I don’t think that the elderly lady realised that
strong drink had been taken; she was being your standard average old lady, very
pleasant and very polite. The first two
thirds of our journey would have been along motorways with no motorway
services. Twenty minutes into our
journey the middle aged lady now begins to ask for a toilet stop. Judging from the way she was shifting about
on her seat I realised that I might have a time limit on this but was aware that
the closest type of service area was a truckers stop just off the motorway near
Warrington. I knew that they sold hamburgers
and diesel there but I didn’t know if there were any toilets not to mention
female toilets. I found the service
kiosk and pulled up outside. The middle
aged lady ran inside and I presumed that there was a toilet in there; either
that or she was relieving herself behind a large display of potato crisps.
She came out in a much more relaxed manner than
she had gone in and I assumed that we had achieved our objective.
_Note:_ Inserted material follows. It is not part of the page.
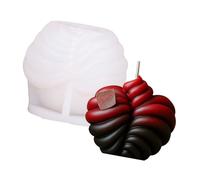 JUYAXIN Moldes de jabón de silicona con forma de corazón a rayas, herramienta de horneado de grado alimenticio para hacer jabón, resina epoxi, proyecto de manualidades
The kiosk had a table or two outside
displaying various garden bits and bobs, no doubt trying to make a few extra shillings.
Just my luck that the middle aged drunk,
rather than return to the vehicle, now decides to go shopping and begins to gather
potted plants and garden gnomes in her arms.
However I soon discovered that she wasn’t shopping, she was shop lifting,
for she skipped away from the tables and into the van slamming the door shut
and suggesting that we get going. Again,
I never had any customer relation training but even so thought it might be a
bit off to turn around to a customer and tell them to get out that they were a
thief.
I decided to adopt the monkey approach as in
seeing no evil, so set off back on to the motorway. The elderly lady was being her usual pleasant
self and remarked on how nice the plants and gnomes were. The drunk was now in generous mode and gave
the old lady half of her booty. I meanwhile
was sticking to the speed limit, for once, and watching in my rear view mirror for
the blue flashing lights. I managed to
get to my first drop in Ormskirk where the drunken middle aged lady lived,
pleased that I hadn’t been pulled over by the traffic police, with the
important word being, ‘yet’. The drunk
poured herself out of the van and, as she couldn’t, I carried her case to her
front door where after a good fumble about she found her key and let herself
in.
We only had to travel on through to Southport but
I was still worried that I was going to be pulled over by the police. I could imagine the roadblock with covering helicopters
waiting for me on the outskirts of Southport.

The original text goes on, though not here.